To select a configuration using command-line arguments, we must decompose configuration into two parts. The configuration alternatives shown above are placed in a config_params.py module. The config.py module that's used directly by the application will import the config_params.py module, parse the command-line options, and finally pick a configuration. This module can create the required module global, Config. Since it will only execute once, we can import it freely.

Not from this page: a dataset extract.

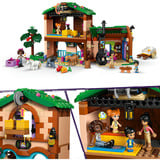 LEGO 42654, Juegos de construcción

The config module will use argparse to create an object named options with the command-line options. We can then do this little dance:

import argparse
import sys
import config_params

parser= argparse.ArgumentParser()
parser.add_argument("--env", default="DEV")
options= parser.parse_args()

Config = getattr(config_params, options.env)
Config.options= options

This seems to work out reasonably well. We can tweak the config_params.py flexibly. We can pick the configuration with a simple command-line option.

If we want to elegantly dump the configuration, we have a bit of a struggle. Each class in the hierarchy introduces names: it's a bit of work to walk down the __class__.__mro__ lattice to discover all of the available names and values that are inherited and overridden from the parents.

We could do something like this to flatten out the resulting values:

Base= getattr(config_params, options.env)
class Config(Base):
    def __repr__(self):
        names= {}
        for cls in reversed(self.__class__.__mro__):
            cls_names= dict((nm, (cls.__name__, val)) 
                for nm,val in cls.__dict__.items() 
                    if nm[0] != "_")
            names.update( cls_names )
        return ", ".join( "{0}.{1}={2}".format(class_val[0], nm, class_val[1]) 
            for nm,class_val in names.items() )

It's not clear this is required. But it's kind of cool for debugging.